QUELLE EST LA PRINCIPALE MENACE QUI PÈSE ENCORE SUR LES FEMMES EN FRANCE ?
L. Rossignol Le relativisme culturel. L’universalité des droits des femmes n’est pas le déni de cultures di érentes. C’est simplement le droit au même droit, partout : pour les Sud-Américaines, qui sont dans une situation dramatique en matière de droit à l’IVG – au Brésil, pays qui, par certains aspects, donne une impression d’immense liberté sexuelle, l’Eglise catholique alliée aux évangélistes est déterminée à empêcher la légalisation de l’avortement –, pour les Polonaises, les Chinoises et les Saoudiennes. En France, il s’agit de garantir à toutes les femmes l’accès à ces droits. Quand je vois que, dans des quartiers, les femmes disparaissent de la rue parce que leur est faite l’injonction que l’espace public est masculin, je considère que mon rôle est de garantir l’accès à l’espace public à toutes les femmes et de rappeler qu’il n’y a pas en France de traditions culturelles ou religieuses qui pourraient se substituer aux garanties d’égalité entre les femmes et les hommes. Et ça concerne tous les traditionalismes. La querelle autour de l’« ABCD de l’égalité », par exemple, c’était la convergence des traditionalistes catholiques et des imams. Ce sont eux qui ont provoqué le recul.

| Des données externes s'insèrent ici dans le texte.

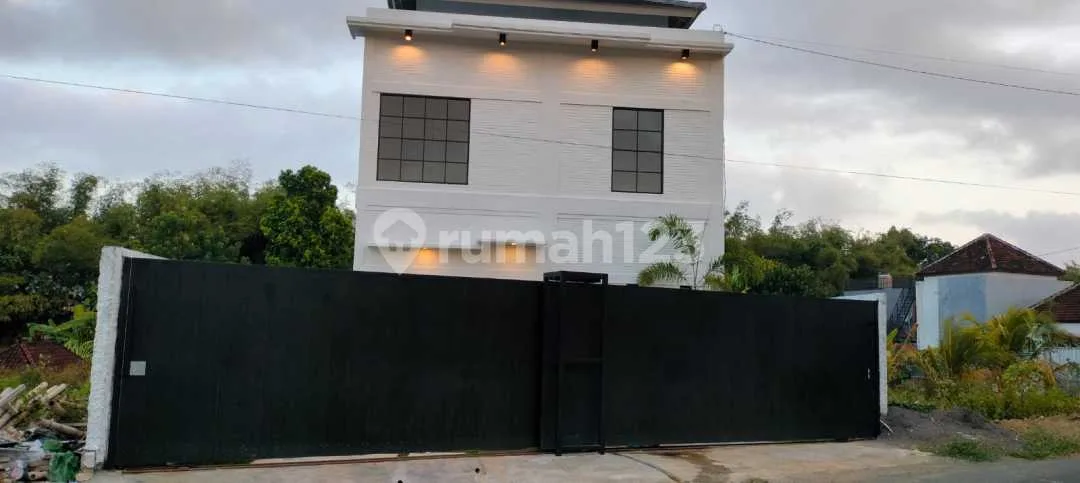 Modern 2 Bedrooms Villa 200M2 Kutuh - Nusa Dua Bali - Image 2 of 4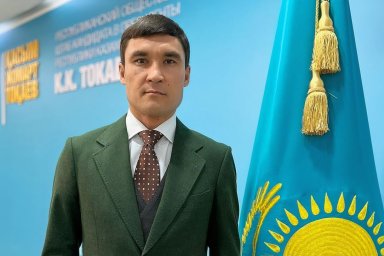 Серик Сапиев оценил шансы казахстанцев против российских боксеров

C. Autain Les politiques d’austérité et de réduction des dépenses publiques qui empêchent de conforter les mécanismes favorisant l’égalité réelle. Ce sont les temps partiels imposés, le chômage de masse, les centres IVG qui ferment faute de moyens, le soutien aux associations qui fond comme neige au soleil… Il y a un besoin de politiques publiques qui renforcent les missions de service public et se donnent les moyens humains et matériels d’installer l’égalité réelle en faisant de la prévention, de la formation et de l’accompagnement. C’est la priorité. Autre menace, le relâchement, l’idée qu’on aurait gagné, comme si l’émancipation des femmes ne concernait plus que les milieux prétendus barbares et n’était menacée que par l’obscurantisme religieux. La question du féminisme ne doit pas être cantonnée à certains quartiers, à certaines populations. La lutte contre l’intégrisme religieux est évidemment un enjeu pour les femmes, mais il faut créer des passerelles plutôt qu’isoler, cliver. Par exemple, si je me suis opposée au terme de « tournante », c’est parce que ce terme faisait croire que le viol collectif n’existait plus que dans les banlieues. Ce qui est faux et ne permet pas de relier les combats émancipateurs.